- Date: December 30, 2004
- Season: 2004
- Stadium: Bank of America Stadium
- Location: Charlotte, North Carolina
- MVP: QB Paul Peterson (Boston College)
- Referee: Bill Athan (WAC)
- Attendance: 73,258

United States TV coverage
- Network: ESPN2
- Announcers: Dave Pasch Rod Gilmore Trevor Matich

= 2004 Continental Tire Bowl =

The 2004 Continental Tire Bowl featured the Boston College Eagles, and the North Carolina Tar Heels. The game was played on Thursday, December 30, 2004, at 1:00 PM EST. The game was the third edition to this bowl game, but the last one under the name Continental Tire Bowl. It would later be renamed the Meineke Car Care Bowl. This edition was particularly notable because Boston College would join the Atlantic Coast Conference, which North Carolina also plays in, the following year.

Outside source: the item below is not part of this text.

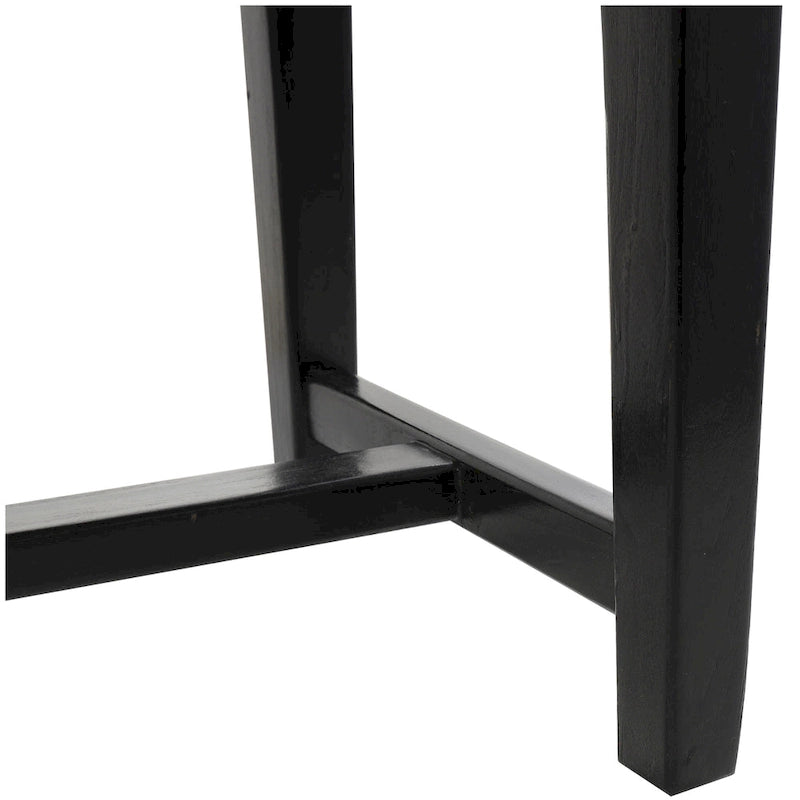 Banc en cuir tressé fait main noir – Cadre en bois de teck, 119,4 L x 44,5 l x 42,7 H cm, capacité de 113,4 kg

L. V. Whitworth started the scoring with a 5-yard touchdown run to give Boston College an early 7–0 lead. North Carolina came right back, and quarterback Darian Durant threw a 12-yard touchdown pass to running back Ronnie McGill, to tie the game at 7. Boston College quarterback, Paul Peterson threw a 2-yard touchdown pass to wide receiver Grant Adams to give BC a 14–7 lead at the end of the 1st quarter.

In the second quarter, Darian Durant threw a 5-yard touchdown pass to Wallace Wright to tie the game at 14. He later threw a 51-yard bomb to Derrele Mitchell to give North Carolina a 21–14 lead. Before halftime, Paul Peterson hooked up with David Kashetta on a 1-yard touchdown pass to tie the game at 21.

With four minutes left in the third quarter, North Carolina's Connor Barth hit a 27-yard field goal to give UNC a 24–21 lead. In the fourth quarter, Andre Callender ran 1-yard for a touchdown. The failed extra point gave Boston College a 27–24 lead. Later on, BC kicker Ryan Ohliger ran a fake field goal 21 yards for a touchdown to increase the lead to 34–24. An 18-yard field goal by Ohliger capped the scoring, and BC held on to win 37–24.